Un silencio. Faulques buscó los ojos de su interlocutor entre el resplandor rojizo que enmarcaba su rostro, sin hallarlos. La voz que había narrado aquello era tan objetiva y tranquila como si hubiese estado leyendo un prospecto farmacéutico. Entonces el visitante alzó despacio una mano, con el cigarrillo entre dos dedos.

– Excuso decirle -añadió- que, aunque la mujer estuvo gritando toda la noche, ni un solo vecino encendió una luz ni salió a la calle a ver qué pasaba.

Ahora el silencio fue mucho más largo.

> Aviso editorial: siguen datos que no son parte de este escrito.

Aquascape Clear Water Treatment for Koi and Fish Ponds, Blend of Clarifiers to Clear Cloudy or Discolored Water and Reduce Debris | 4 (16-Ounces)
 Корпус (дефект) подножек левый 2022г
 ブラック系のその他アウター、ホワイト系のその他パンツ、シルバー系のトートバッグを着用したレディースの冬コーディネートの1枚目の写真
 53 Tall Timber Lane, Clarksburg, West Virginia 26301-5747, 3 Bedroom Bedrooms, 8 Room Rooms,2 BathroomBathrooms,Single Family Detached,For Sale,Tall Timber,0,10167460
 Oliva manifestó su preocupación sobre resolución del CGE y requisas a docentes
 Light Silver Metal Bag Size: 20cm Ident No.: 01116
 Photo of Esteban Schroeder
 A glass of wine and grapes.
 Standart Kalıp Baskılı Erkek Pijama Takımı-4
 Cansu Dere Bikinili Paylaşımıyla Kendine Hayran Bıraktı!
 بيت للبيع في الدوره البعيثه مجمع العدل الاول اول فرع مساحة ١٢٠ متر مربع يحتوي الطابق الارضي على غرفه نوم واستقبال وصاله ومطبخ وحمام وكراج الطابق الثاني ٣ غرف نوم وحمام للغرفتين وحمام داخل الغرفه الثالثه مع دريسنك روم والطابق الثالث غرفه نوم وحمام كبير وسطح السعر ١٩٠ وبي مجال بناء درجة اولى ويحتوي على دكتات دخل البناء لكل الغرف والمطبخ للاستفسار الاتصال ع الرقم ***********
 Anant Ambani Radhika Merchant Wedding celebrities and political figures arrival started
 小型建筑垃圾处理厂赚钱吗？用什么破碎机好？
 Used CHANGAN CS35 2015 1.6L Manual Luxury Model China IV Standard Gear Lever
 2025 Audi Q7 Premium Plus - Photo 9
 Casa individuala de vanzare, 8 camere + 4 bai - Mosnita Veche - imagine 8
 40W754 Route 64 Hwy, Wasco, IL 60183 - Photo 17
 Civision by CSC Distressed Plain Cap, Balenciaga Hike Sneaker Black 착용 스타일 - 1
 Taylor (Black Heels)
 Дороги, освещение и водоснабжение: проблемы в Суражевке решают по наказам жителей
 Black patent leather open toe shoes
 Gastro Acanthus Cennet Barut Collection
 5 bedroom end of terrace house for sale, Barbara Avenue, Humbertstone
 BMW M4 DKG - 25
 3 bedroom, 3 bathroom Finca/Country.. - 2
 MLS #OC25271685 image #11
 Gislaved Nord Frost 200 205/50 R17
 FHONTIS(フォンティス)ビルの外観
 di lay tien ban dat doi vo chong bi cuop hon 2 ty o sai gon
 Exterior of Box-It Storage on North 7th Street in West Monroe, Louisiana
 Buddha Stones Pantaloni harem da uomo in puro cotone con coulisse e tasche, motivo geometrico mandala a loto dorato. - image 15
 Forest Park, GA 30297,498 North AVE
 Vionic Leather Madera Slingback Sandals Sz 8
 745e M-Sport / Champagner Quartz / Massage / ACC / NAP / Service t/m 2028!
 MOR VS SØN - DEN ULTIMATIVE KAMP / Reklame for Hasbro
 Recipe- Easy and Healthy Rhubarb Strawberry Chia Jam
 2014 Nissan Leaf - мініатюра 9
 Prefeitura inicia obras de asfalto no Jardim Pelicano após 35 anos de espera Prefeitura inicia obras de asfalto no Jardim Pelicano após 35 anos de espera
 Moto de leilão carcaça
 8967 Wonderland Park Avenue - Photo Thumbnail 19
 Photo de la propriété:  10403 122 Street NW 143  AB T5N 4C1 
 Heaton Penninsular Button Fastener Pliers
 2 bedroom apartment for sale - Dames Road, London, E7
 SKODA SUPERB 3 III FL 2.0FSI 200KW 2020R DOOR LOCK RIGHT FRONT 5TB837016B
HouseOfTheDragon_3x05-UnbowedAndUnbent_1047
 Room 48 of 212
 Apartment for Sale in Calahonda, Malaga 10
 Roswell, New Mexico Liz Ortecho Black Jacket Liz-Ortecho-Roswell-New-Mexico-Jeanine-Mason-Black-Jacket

Faulques no sabía qué decir. Lentamente, los rincones bajos del recinto se velaron de sombras. La luz rojiza se apartaba de Markovic, desplazándose sobre una porción del muro donde estaba el apunte a carboncillo, negro sobre blanco, de un hombre arrodillado, manos atadas a la espalda, ante otro que alzaba una espada sobre su cabeza.